PROVIDED ENTRIES:
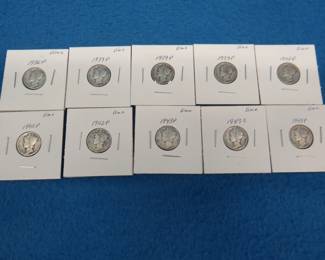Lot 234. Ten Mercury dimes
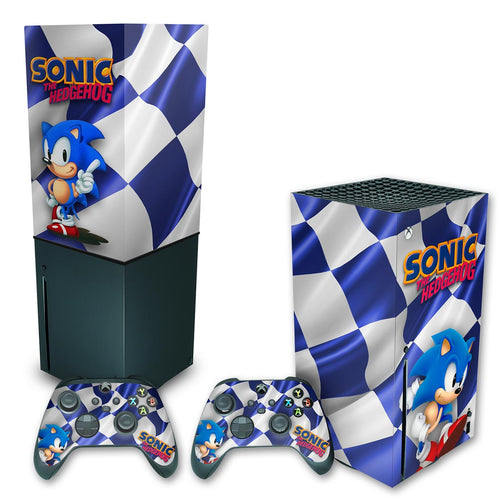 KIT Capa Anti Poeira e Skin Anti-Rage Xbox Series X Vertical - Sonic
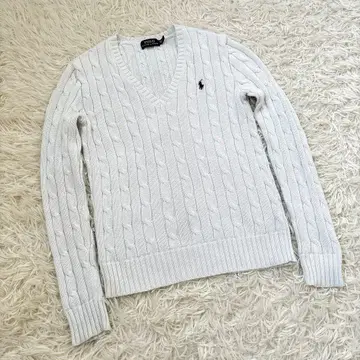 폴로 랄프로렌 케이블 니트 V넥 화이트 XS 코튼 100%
==
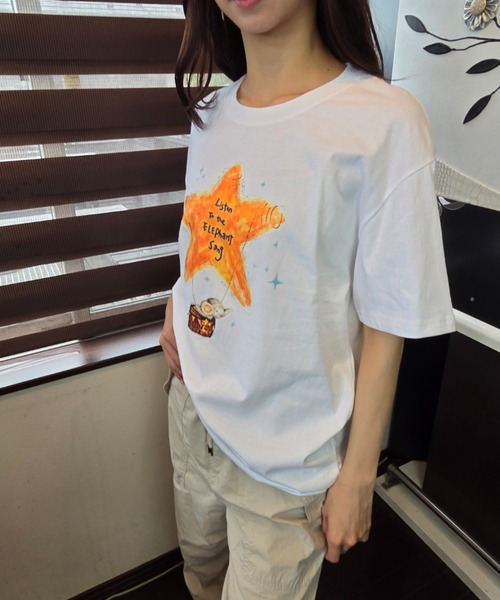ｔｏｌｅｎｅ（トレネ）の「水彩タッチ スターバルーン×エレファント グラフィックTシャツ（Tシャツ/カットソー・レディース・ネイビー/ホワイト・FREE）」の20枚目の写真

EXERCISE DETAILS:
Go down the entries above from the line containing "Lot 234. Ten Mercury dimes" to the line containing "폴로 랄프로렌 케이블 니트 V넥 화이트 XS 코튼 100%" and write out each line exactly, leaving pictures out.

OUTPUT BELOW:
Lot 234. Ten Mercury dimes
 KIT Capa Anti Poeira e Skin Anti-Rage Xbox Series X Vertical - Sonic
 폴로 랄프로렌 케이블 니트 V넥 화이트 XS 코튼 100%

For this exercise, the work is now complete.